Kırım Tatar halkının lideri Mustafa Abdülcemil Kırımoğlu ve Kırım Tatar Milli Meclisi›nin Başkanı Refat Çubarov›a yarımadaya giriş yasağı konuldu. Kırım Tatar Milli Meclisi, “aşırıcı örgüt” kapsamına alınarak faaliyetleri yasaklandı.

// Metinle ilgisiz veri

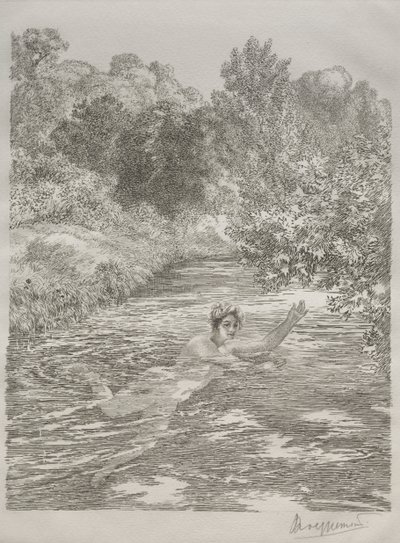 Baderen, ca. 1860-70. av Felix Bracquemond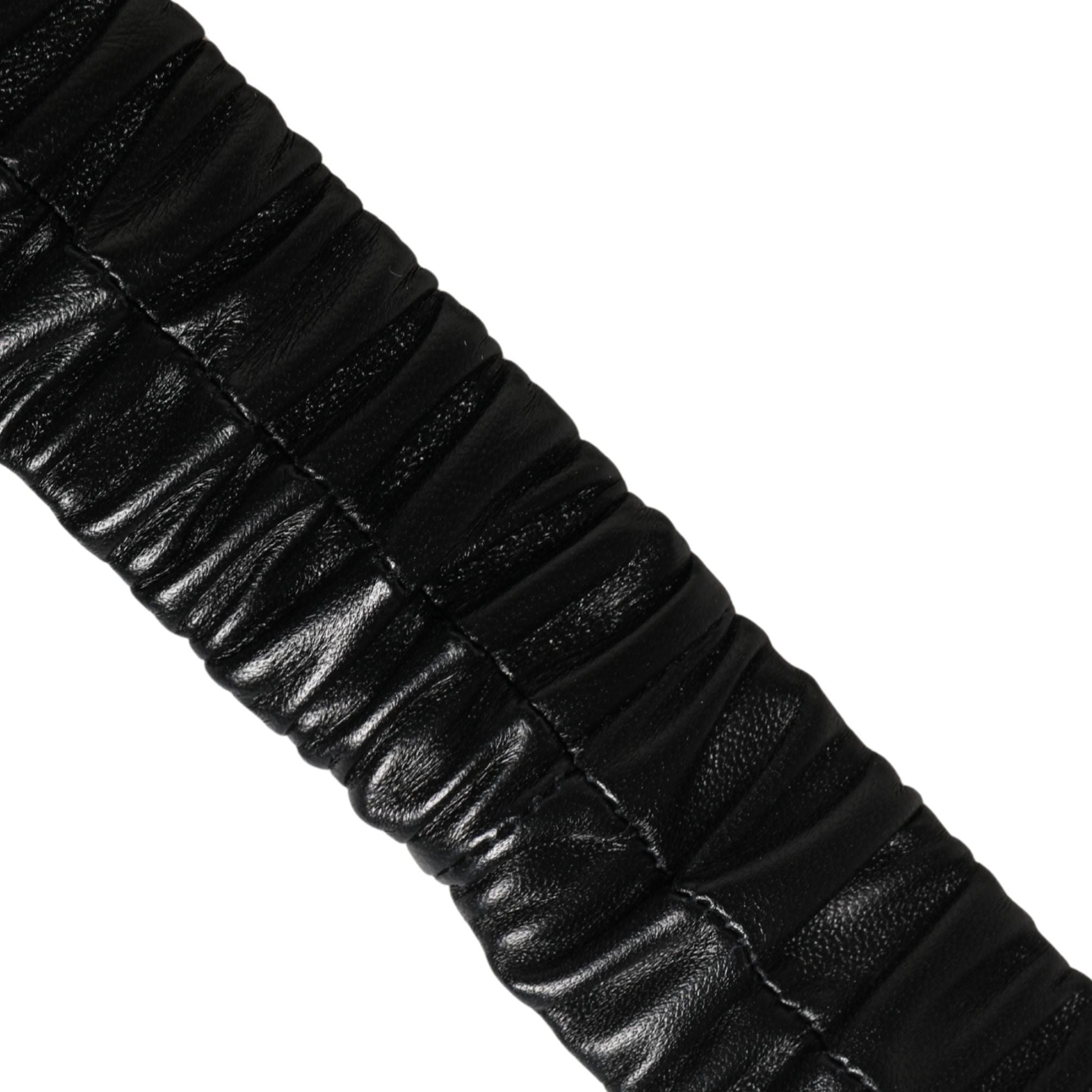 Dolce & Gabbana Black Leather Gold Heart Metal Buckle Belt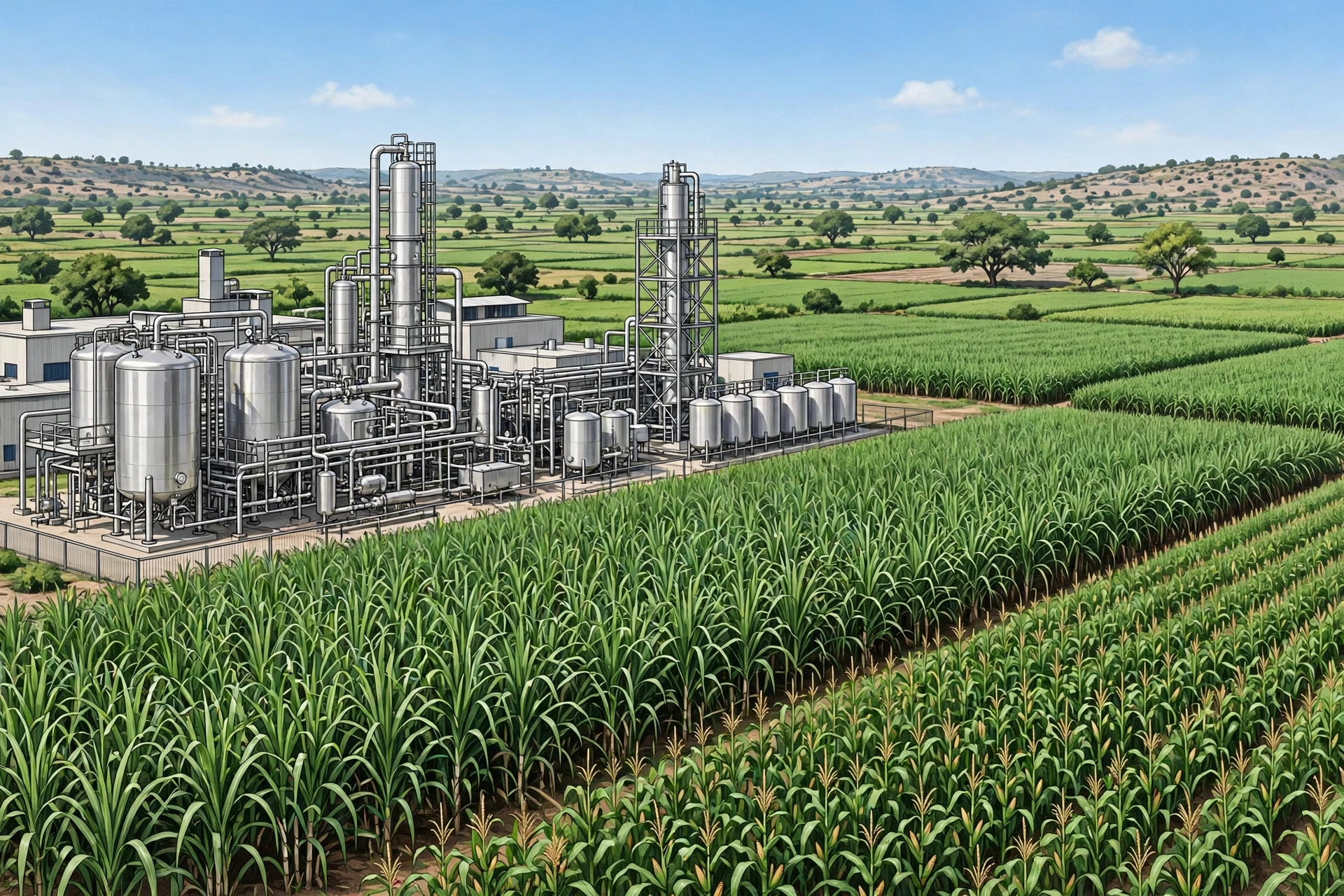 AI-generated illustration of an ethanol production facility with steel tanks beside sugarcane and maize fields in India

Meclis ile doğrudan bağı olan 2 bin 500 Tatar ile onlarla ilişkisi olan herkes örgüt üyesi sayıldı. Kırım Tatar halkının evlerine, camilere, çocuk yuvalarına yapılan baskınlar ve “terör örgütüne üye” olma iddiasıyla gözaltılar devam ediyor. Kırım Tatar Meclisi’nin rakamlarına göre, sadece geçen yıl Rus güvenlik güçleri, Kırım Tatarlarının evlerine, camilere, okullara yönelik 86 baskın yaptı ve bu baskınlarda 157 kişi gözaltına alındı, 194 kişi sorgulandı, 335 kişi tutuklandı.